For the first time an academic investigation has access to an abundant number
of internal primary guerrilla sources that reveal processes hitherto unknown.
Following the Social Learning of Technological Innovation and the Biographies
of Artefacts and Practices frameworks, I describe cycles of learning that are
integral to innovation. First, the pre-specialization period (1964-1980) in which
there was a dependence on distal sources to obtain weapons and to solve
health issues. Second, the historical articulations between distal dependency
and internal specialization of technical knowledge, as well as institutional
processes that cleared the way for later innovation.
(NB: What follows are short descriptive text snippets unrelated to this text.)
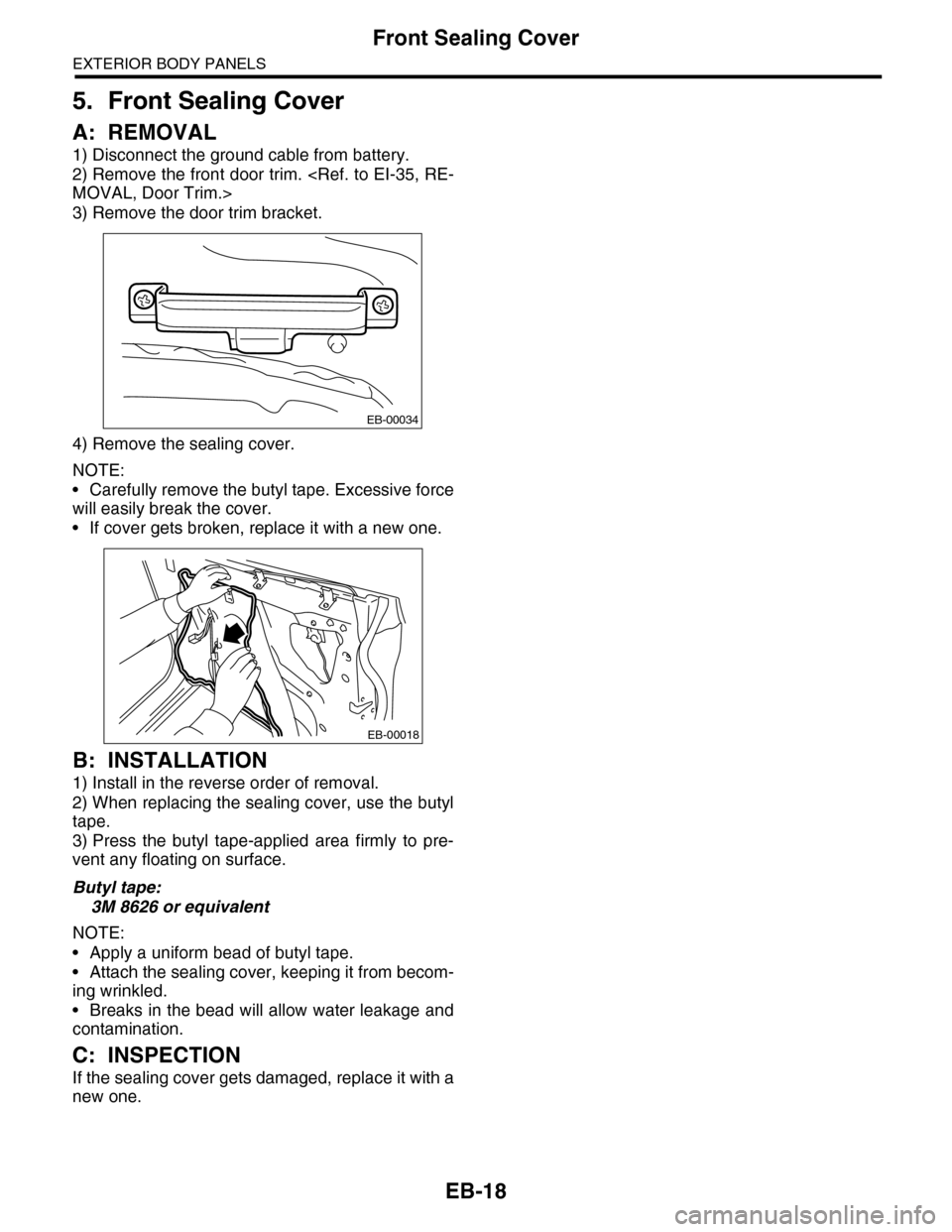 SUBARU TRIBECA 2009 1.G Service Workshop Manual EB-18
Front Sealing Cover
EXTERIOR BODY PANELS
5. Front Sealing Cover
A: REMOVAL
1) Disconnect the ground cable from battery.
2) Remove the front door trim. <Ref. to EI-35, RE-
MOVAL, Door Trim.>
3) R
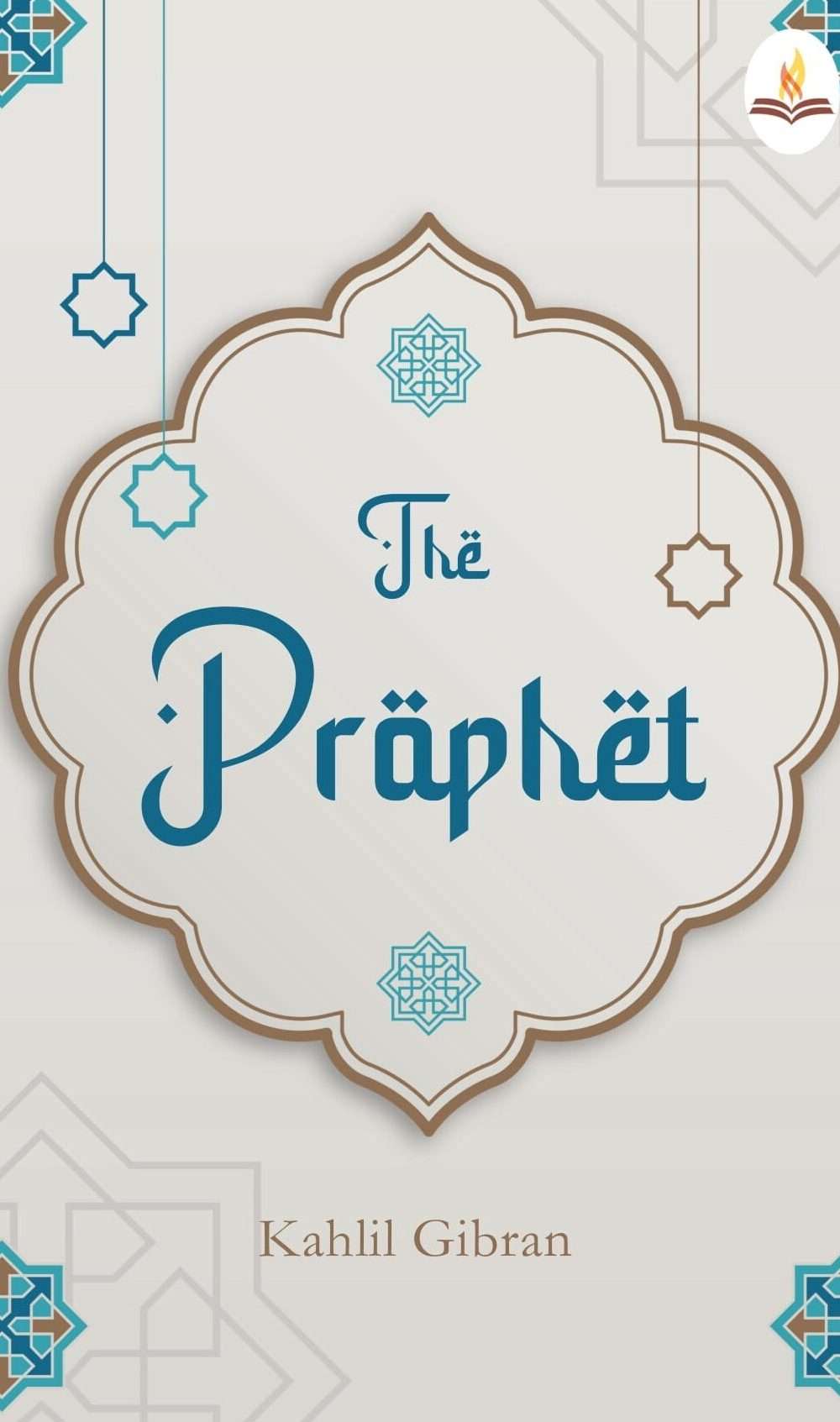 Prophet by Kahlil Gibran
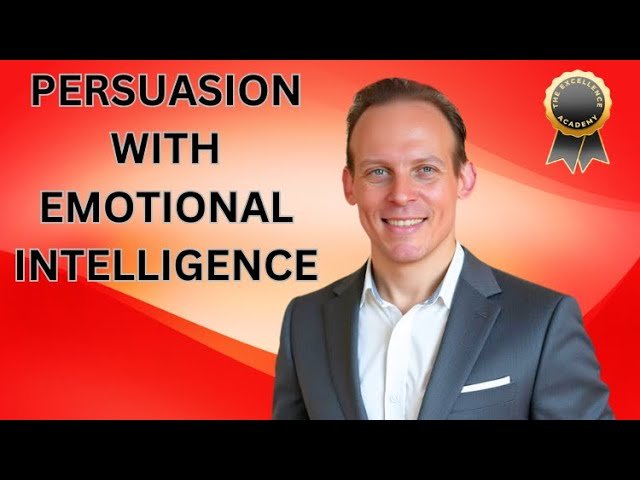 Master Persuasion in Business by Using Emotional Intelligence - Full Professional Course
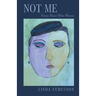 Not Me: Poems About Other Women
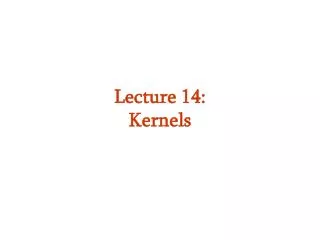 Lecture 14: Kernels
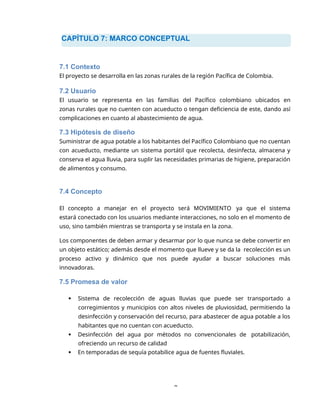 CAPÍTULO 7: MARCO CONCEPTUAL
8
7.1 Contexto
El proyecto se desarrolla en las zonas rurales de la región Pacífica de Colombia.
7.2 Usuario
El usuario se representa en las familias del Pacífico colombiano ubicados en
zonas rurales que no cuenten con acueducto o tengan deficiencia de este, dando así
complicaciones en cuanto al abastecimiento de agua.
7.3 Hipótesis de diseño
Suministrar de agua potable a los habitantes del Pacífico Colombiano que no cuentan
con acueducto, mediante un sistema portátil que recolecta, desinfecta, almacena y
conserva el agua lluvia, para suplir las necesidades primarias de higiene, preparación
de alimentos y consumo.
7.4 Concepto
El concepto a manejar en el proyecto será MOVIMIENTO ya que el sistema
estará conectado con los usuarios mediante interacciones, no solo en el momento de
uso, sino también mientras se transporta y se instala en la zona.
Los componentes de deben armar y desarmar por lo que nunca se debe convertir en
un objeto estático; además desde el momento que llueve y se da la recolección es un
proceso activo y dinámico que nos puede ayudar a buscar soluciones más
innovadoras.
7.5 Promesa de valor
 Sistema de recolección de aguas lluvias que puede ser transportado a
corregimientos y municipios con altos niveles de pluviosidad, permitiendo la
desinfección y conservación del recurso, para abastecer de agua potable a los
habitantes que no cuentan con acueducto.
 Desinfección del agua por métodos no convencionales de potabilización,
ofreciendo un recurso de calidad
 En temporadas de sequía potabilice agua de fuentes fluviales.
Third, the historical
processes that shaped the specialization in guerrilla training together with the
edition of handbooks that represented channels for aligning military and health
knowledge. I, finally, reconstruct types of military and healthcare collective
resourcefulness the rebel group developed.
Historically, I suggest that the insurgent technical specialization that occurred
from the 1980s represented a cornerstone of the war since it prompted the
enhancing of designs/productions and the reproduction of knowledge inside
the organization. Theoretically, the thesis proposes the notion of alignment
channels as mechanisms of sociotechnical arrangement that systemise
dispersed knowledge to make it collectively available as a rebel technical
doctrine. It suggests, also, the concept of collective resourcefulness described
as the shared skill to assemble, enhance, or use military/health knowledge and
artefacts blending distal and proximal sources.
By including the health dimension, the thesis broadens the epistemological
view on illegal knowledge and practices to include the constructive dimensions
of the marginalized. This is one of the few texts that have investigated the issue
of health in war and that has involved dentistry in its analysis.